If we provide an input video, we can change the object's motion to perform different actions. Manipulation of objects can be centered on the first or intermediate frame, allowing for a high degree of editorial control.

For example, you can randomly generate a few clips from the input video and select the next clip you want.

As shown in the leftmost video in the diagram, it is used as a conditioned reflex to generate four videos at the initial prompt:

"Close-up of a cute rusty, dilapidated steampunk robot covered in moss and sprouts, surrounded by tall grass."

For the first 3 outputs, there is no autonomous prediction generation of cue actions. In the last video, "Activate, smoke in the background" has been added to the prompt to guide the action generation.

Techniques of camera movement

VideoPoet can also precisely control the changes in the image by attaching the desired camera movement to the text prompt.

For example, the researchers generated an image from the model that suggested "concept art of an adventure game, sunrise over snowy mountains, clear river". The following example adds the given text suffix to the desired action.

From left to right: zoom, slide zoom, pan left, arc action shot, swing shot, drone aerial shot

Evaluate the results

Finally, how did VideoPoet perform in specific experimental tests?

To ensure the objectivity of the assessment, Google researchers run all models on various prompts and have people rate their preferences.

The image below shows the percentage of VideoPoet selected as a green preference in the following questions.

Text Fidelity:

A user preference rating for text fidelity, which is the percentage of videos that are preferred in terms of accurately following prompts

Fun Action:

The user's preference rating for the fun of the action, which is the percentage of the video that is preferred in terms of generating interesting action

In summary, an average of 24-35% of people believe that the examples generated by VideoPoet follow the prompts more than other models, compared to 8-11% for other models.

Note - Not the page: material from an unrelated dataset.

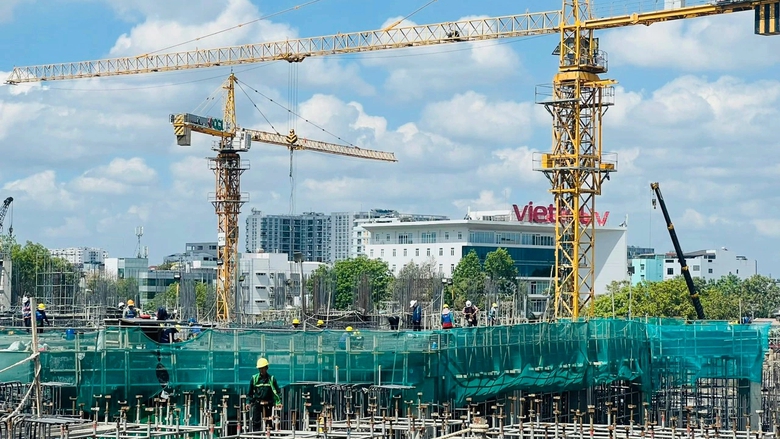 Tiến độ thần tốc tr&ecirc;n c&ocirc;ng trường nh&agrave; ga T3 s&acirc;n bay T&acirc;n Sơn Nhất- Ảnh 2.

In addition, 41%-54% of evaluators found the example actions in VideoPoet more interesting, compared to only 11%-21% for other models.

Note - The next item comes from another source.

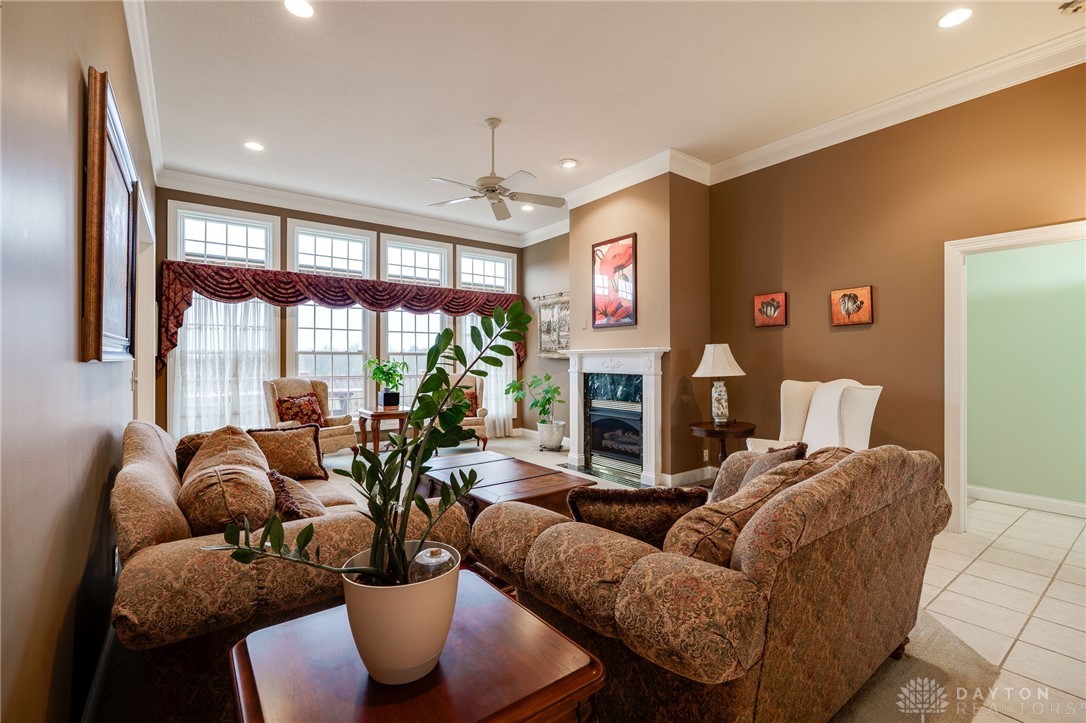 4254 Hummingbird Way, Springfield, Ohio image 11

As for future research directions, Google researchers said that the VideoPoet framework will enable "any-to-any" generation, such as extended text-to-audio, audio-to-video, and video subtitles.

Netizens can't help but wonder if Runway and Pika can withstand the upcoming text-to-video innovations from Google and OpenAI.

Resources:

https://sites.research.google/videopoet/

https://blog.research.google/2023/12/videopoet-large-language-model-for-zero.html

Google's 10-second video generation model breaks the world record!